Rich Pakistanis fueling country’s strife


By Joel Brinkley

How many ways can Pakistanis shoot themselves in the foot? Let me count them.

On Tuesday two suicide bombers, apparently sent by the Taliban, blew themselves up amid gatherings of students at the International Islamic University in Islamabad, killing at least five people and injuring many others.

This was just the latest in a string of deadly bombings that have ripped through Pakistani society in recent days. The Taliban, it seems, have unlimited resources to wreak havoc in Pakistan, as well as in Afghanistan. And where do they get their money? Yes, they earn a lot from all of that opium poppy in Afghanistan. But that is not all.

The Taliban in Pakistan also received more than $100 million last year in donations from sympathetic, wealthy people who live in Islamic countries — including Pakistan. In other words, Pakistanis are providing a good portion of the money the Taliban is spending to tear Pakistan apart.

That comes from a recent Central Intelligence Agency analysis, reported by the Washington Post and the New York Times. And it’s consistent with all we already know about Pakistan. Weren’t the Taliban a close friend and ally of Pakistan before Sept. 11, 2001 — after which the Bush administration forced a divorce? By all accounts the separation was only superficial. In fact, Gen. Stanley McChrystal, the top U.S. commander in Afghanistan, is widely quoted as saying in a leaked internal report that the Taliban in Afghanistan “are reportedly aided by some elements of Pakistan’s I.S.I.”
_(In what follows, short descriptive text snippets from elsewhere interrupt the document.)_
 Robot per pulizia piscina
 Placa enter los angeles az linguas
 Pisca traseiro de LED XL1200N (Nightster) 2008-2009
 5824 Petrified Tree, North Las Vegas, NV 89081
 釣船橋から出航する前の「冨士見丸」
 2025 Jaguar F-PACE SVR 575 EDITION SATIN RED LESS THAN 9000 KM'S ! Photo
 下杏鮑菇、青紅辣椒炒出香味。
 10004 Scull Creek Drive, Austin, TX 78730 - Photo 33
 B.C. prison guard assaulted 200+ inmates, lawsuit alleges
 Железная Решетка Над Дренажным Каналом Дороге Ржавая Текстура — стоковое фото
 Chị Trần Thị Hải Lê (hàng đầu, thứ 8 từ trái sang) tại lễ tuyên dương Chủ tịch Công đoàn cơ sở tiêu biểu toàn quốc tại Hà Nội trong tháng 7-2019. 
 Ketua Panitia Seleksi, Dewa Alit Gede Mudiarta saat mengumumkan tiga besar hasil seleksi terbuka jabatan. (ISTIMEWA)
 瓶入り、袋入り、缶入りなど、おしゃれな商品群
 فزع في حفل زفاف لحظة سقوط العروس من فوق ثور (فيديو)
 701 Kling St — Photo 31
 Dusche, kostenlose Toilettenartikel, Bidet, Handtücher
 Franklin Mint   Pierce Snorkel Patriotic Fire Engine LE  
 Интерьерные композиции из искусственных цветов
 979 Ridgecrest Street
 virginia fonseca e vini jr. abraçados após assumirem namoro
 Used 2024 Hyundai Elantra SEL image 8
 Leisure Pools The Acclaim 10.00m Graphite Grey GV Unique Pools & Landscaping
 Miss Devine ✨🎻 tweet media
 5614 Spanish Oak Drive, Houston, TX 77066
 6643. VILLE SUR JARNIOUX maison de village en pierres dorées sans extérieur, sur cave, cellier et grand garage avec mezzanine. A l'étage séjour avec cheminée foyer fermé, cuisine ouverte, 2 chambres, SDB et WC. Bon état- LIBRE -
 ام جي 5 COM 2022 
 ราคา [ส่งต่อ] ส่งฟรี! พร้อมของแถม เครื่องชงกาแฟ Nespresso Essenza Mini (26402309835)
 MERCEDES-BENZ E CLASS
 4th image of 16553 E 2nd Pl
He was referring to Pakistan’s chief intelligence service, the Inter-Services Intelligence agency, and McChyrstal’s remark simply codified what most everyone in the region already assumed. During the 1990s, the I.S.I. wanted to have an ally in Afghanistan, to prevent India from extending its influence there. The I.S.I also set up training camps in Afghanistan, away from prying Pakistani eyes. The alliance continues.

Some people like to place a distinction between the Taliban fighting in Afghanistan and those in Pakistan. But remember: They all came from the same Taliban cabal that ruled Afghanistan until October 2001. They shares goals, tactics, fighters and equipment.

The Pakistani Taliban’s stated goal is to overthrow the government in Islamabad. They seized the Swat Valley early this year and were making inroads in Punjab Province, the nation’s most populous, before the Pakistani Army arose from its torpor and fought back by lobbing rockets and artillery shells into towns and villages from a safe distance.

This week, the Pakistani army began an offensive in South Waziristan, a Taliban stronghold. It’s hardly the first over the last eight years or probably the last. The army never seems to finish the job.

Aid for Pakistan

Meantime the Obama administration is pushing Congress to approve $7.5 billion in aid for Pakistan over the next five years. This is developmental, not military, aid. Well, no one seems to have noticed that over the last few years, Pakistan’s corruption problem has grown from serious to endemic. Transparency International, in a special report on Pakistan last month, found the amount of public funds embezzled has increased four-fold in the last three years — to almost $40 billion so far this year.

Is this a country to which the United States should hand over almost $1 billion a year in the next five years? It’s not as if the people of Pakistan couldn’t use the aid. Look at some of the state’s statistics, provided by UNICEF.

Ninety of every 1,000 children born there die before they reach age five. Only 37 percent of children struck with dysentery, a common and often fatal illness in developing countries born of contaminated food or water, receive treatment.

Adult literacy stands at only 55 percent. Just 18 percent of the nation’s girls attend secondary school. One reason: Thirty-two percent of children 14 years or younger are married.

The average life expectancy is 65 years.

What is the government doing about these miserable statistics? About 18 percent of the state’s budget is spent on the military, 1 percent on health and 2 percent on education.

This is a country that needs help. But first it has to help itself, stop shooting itself in the foot.

X Joel Brinkley is a former Pulitzer Prize-winning foreign correspondent for The New York Times and now a professor of journalism at Stanford University.